One answer is to directly and intentionally bring those experiences together. The researchers hope to accomplish that by introducing digital portfolios to the department’s two majors, where students will incorporate projects from across their classes at Bucknell, helping them draw connections between seemingly disparate fields and ideally to approach the same problems from a multitude of angles
“It can give students a chance to reflect on all of their experiences and how they’ve impacted them as an engineer,” says Rebecca Thomas, who is leading the portfolio development effort. “So it gives them a broader perspective of their engineering identity and what it means for them to be an engineer — that everything is not technical and we don’t all have to fit a stereotyped mold.”
The researchers also hope to establish “communities of transformation,” where faculty from departments across the university will collaborate to create more integrative curricula. Within the department, they plan to emphasize diverse perspectives and experiences where the rubber meets the road — in grading and evaluating student performance. “We’re trying to align the things we value with what we actually evaluate, and grades are the ‘coin of the realm’, ” says Stewart Thomas. “When we say we value things like good communication, teamwork, and the ability to apply your professional skills to many different kinds of problems, then every homework assignment, every exam, and every project we do should incorporate those things, and we should evaluate students on them along with more technical, hard engineering aspects.”
Bucknell undergraduates won’t just experience these changes in their classrooms and labs; many will also actively take part in the research. Funds from the grant will support hiring as many as 10 Bucknell students to assist the project as summer researchers in each of the next five years.

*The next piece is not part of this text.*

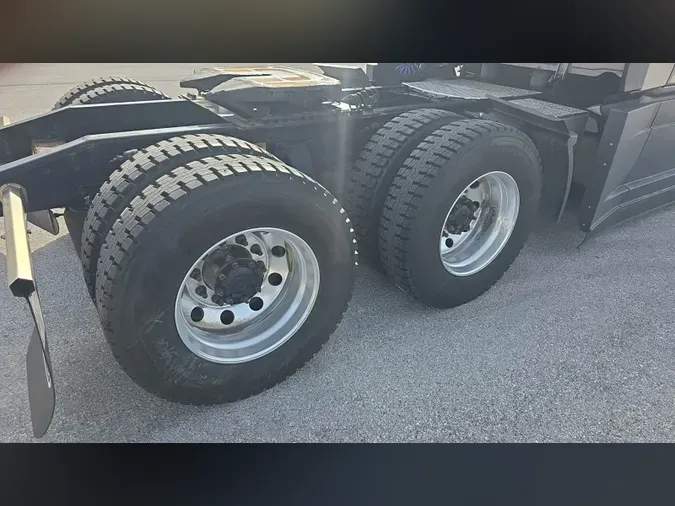 2022 Freightliner Cascadia 126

The most precious resource
The grant will also seek to give faculty time back by investing in artificial intelligence and automation for more mundane, course-management aspects of teaching, allowing them to spend more time developing transformative learning experiences in their classes and overseeing student research projects. The second postdoctoral fellow the grant will support will likely be a computer programmer to assist this effort.

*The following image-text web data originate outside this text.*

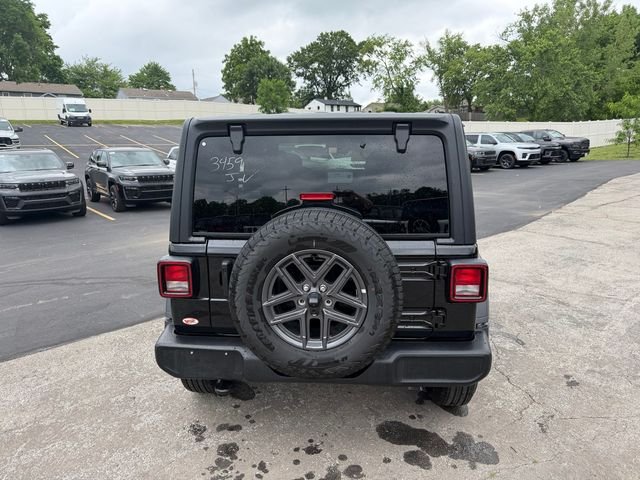 New 2026 Black Clear-Coat Exterior Paint Jeep Sport S image 8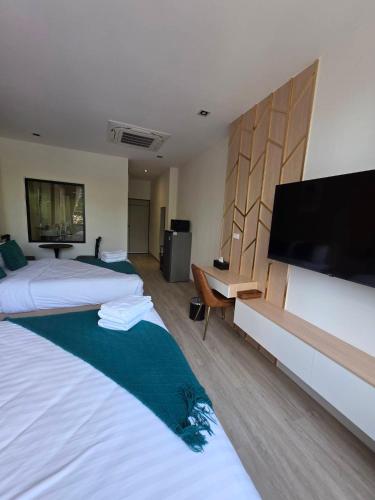 room detail thumbnail 1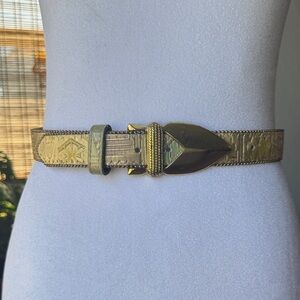 VTG 80s Elite Fresno California Metallic Gold Statement Belt SZ S hidden clasp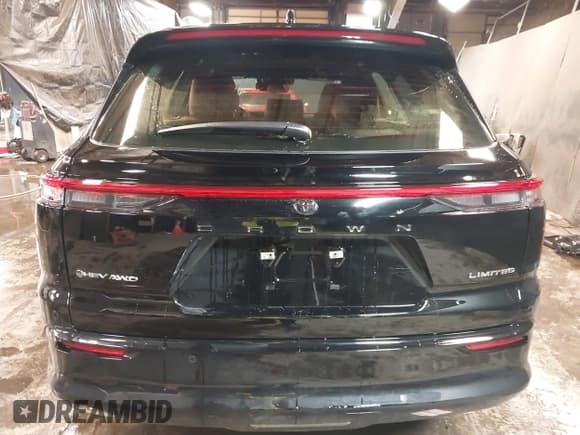 ✅ 2025 Toyota Crown XLE • VIN: JTDACAAJ6S3009408 • Lot: 41343056. Listed on IAAI with 1,244 mi. Free auction sales archive from the USA and detailed vehicle history report at DreamBid. Image 16.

Nickel, who’s spearheading the technological side of the project, notes that the ed-tech sector has exploded in recent years, a trend the pandemic move toward distance learning has only heightened. “There’s a huge amount of work being done to offer new services and platforms in the educational space. In 2017, about $10 billion was invested in these educational startups. In 2019, it was $19 billion,” he says. “The schools that stay on top of this and take advantage are the ones who will see benefits and stay ahead of the pack.”
The researchers are quick to observe that these innovations won’t detract from the technical aspects of the department’s majors. But they also note that the department aims to do more than train “line engineers,” but imbue students with skills that will help them rise quickly to leadership roles within organizations, making skills like communication, teamwork, and empathy all the more critical. “There’s some good research suggesting that in programs that stay really focused on the technical skills that are make-or-break for an engineer, students actually end up having less concern about other people, less empathy when they graduate than they did when they entered the program,” Cheville says.
For a society confronting challenges on a scale seldom seen before, the importance of understanding and empathy can’t be understated. The future, in fact, may depend on it.